Es ist nicht so, dass es so einen Krieg nur in der Ukraine gibt. Ich werde auch mit Nachrichten aus anderen Ländern bombardiert. Was z. B. im Jemen passiert, ist schlimm … nur ist es auch so weit weg. Die Ukraine ist einfach näher, in einem Teil von Europa. Dass hier Putin mit einem Krieg der Ukraine das Existenzrecht abspricht, das ist für mich krass und dass die Ukrainer und Ukrainerinnen momentan für ihr Existenzrecht kämpfen müssen.
Dieser Krieg hat meine Wahrnehmung/ mein Bewusstsein verändert ...
Der Krieg in der Ukraine hat mir zu verstehen gegeben, dass das Ganze unglaublich nah sein kann. Und was ist das für ein Krieg, wenn die Leute rüberkommen und Waschmaschinen klauen? Das hat nichts mit dem Krieg zu tun, das hat nichts mit Befreiung zu tun, das ist einfach eine Plünderung. Ich habe es so wahrgenommen, dass dieser Krieg hauptsächlich für das Ego einer Person geführt und mit einer großen Propaganda-Show begleitet wird. Mir ist klar geworden, dass solche „Messerstiche“, solche toxische Propaganda gegen die Ukraine schon seit Jahren passierte und dass wir im Westen das einfach ignoriert haben. Wir haben alle eine Art Gehirnwäsche von der russischen Propaganda verpasst bekommen.
Ich bin als Deutscher mit unserer Geschichte aufgewachsen, die in vielen Punkten ähnlich war. 
Und es war für mich einfach auch peinlich, wie sich unsere Regierung in dieser Situation verhalten hat. Bei diesem Unrecht, das wir als Deutschen in die Welt gebracht haben, möchte ich später sagen können: Es gab eine Situation, in der ich helfen konnte und ich habe nicht gezögert und geholfen.

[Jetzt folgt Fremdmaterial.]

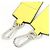 Cinturino in pelle giallo Loewe - vista 3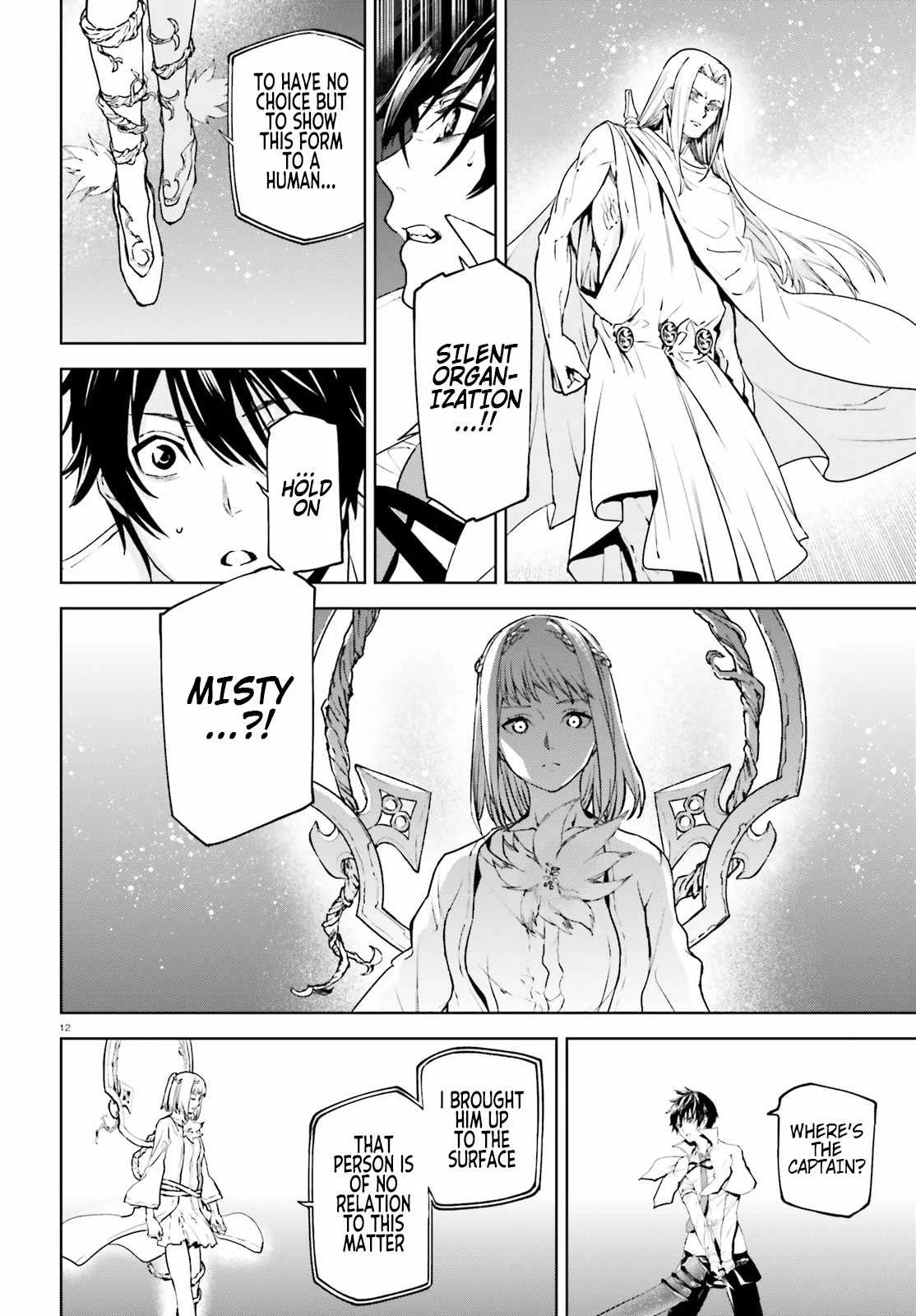 Sekai no Owari no Encore Chapter 61 page 12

Ich bin durch das Helfen zufriedener mit mir selbst geworden. Ich bin bewusster geworden, dass ich einen Teil beigetragen habe, dass es wenigstens zwei Menschen besser geht.

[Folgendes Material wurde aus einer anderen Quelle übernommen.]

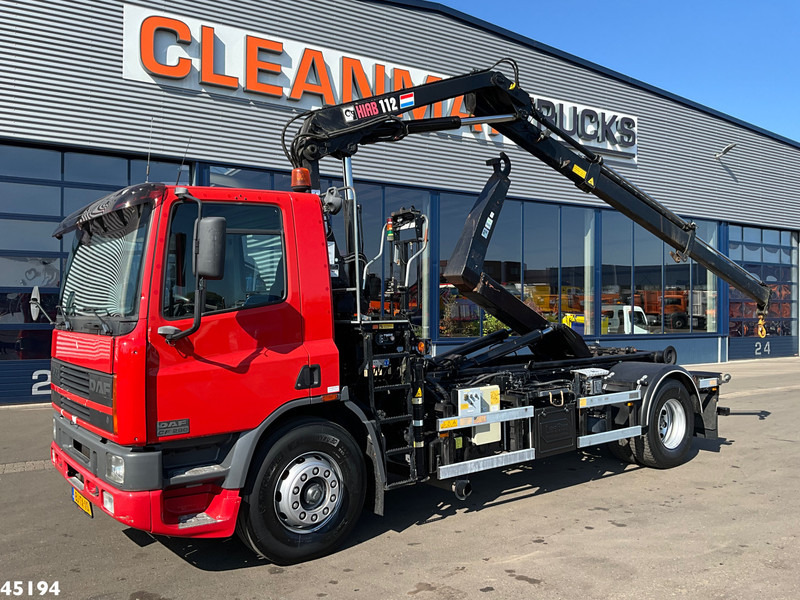 DAF FA 75.290 ATI Hiab 11 Tonmeter laadkraan Just 84.508 km! - Kancalı yükleyici kamyon, Vinçli kamyon: fotoğraf 1 DAF FA 75.290 ATI Hiab 11 Tonmeter laadkraan Just 84.508 km! - Kancalı yükleyici kamyon, Vinçli kamyon: fotoğraf 1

Ich möchte den Menschen zum Weihnachten wünschen ...
Ich wünsche uns allen, dass wir unsere Umgebung mehr wahrnehmen. Dass wir uns bewusst sind, dass es uns trotz allem gut geht und dass wir dafür öfters dankbar sein sollten, weil es so schnell passieren kann, dass es sich wandelt.
Wie schnell Menschen, die wir lieben, einfach weg sein können, z. B. durch den Krieg.
Für Weihnachten wünsche ich mir einfach, dass wir alle zusammen mit der Familie nichts tun können und die Zeit zusammen wertschätzen. Und dass wir einfach für andere da sind.